Ses parents étaient animistes et son père guérissait les victimes des sorciers. C’était l’époque du début de la présence coloniale belge dans le bassin du Congo, dans ce pays qui deviendra indépendant en 1960 sous le nom de Congo-Kinshasa puis, plus tard, de Zaïre et enfin, à nouveau Congo.
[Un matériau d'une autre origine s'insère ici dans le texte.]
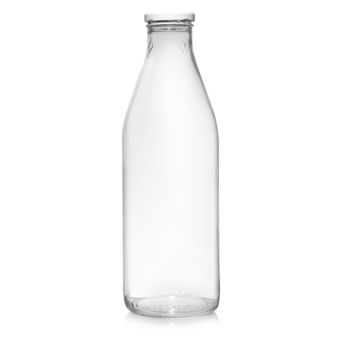 Achat en ligne Bouteille forme arrondie en verre transparent 1l 8.5 x 26.3 cm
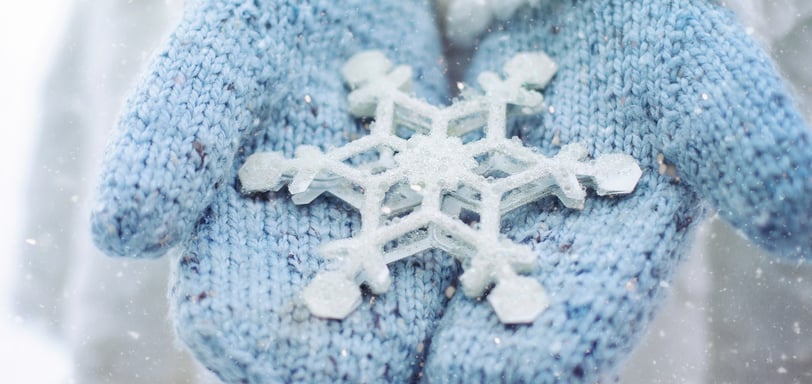 mittens with a snowflake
Peu après la mort de la mère de Kimbangu, vers le début du siècle, un missionnaire européen prédit à sa tante un avenir exceptionnel pour cet enfant. Le nom de Kimbangu en kikongo signifie d’ailleurs à peu près « celui qui révèle la vérité ». L’enfant fut confié par sa tante à des missionnaires baptistes de la British Missionnary Society. Il apprit à lire et à écrire le kikongo, sa langue, dans la version de la Bible qui venait d’être traduite.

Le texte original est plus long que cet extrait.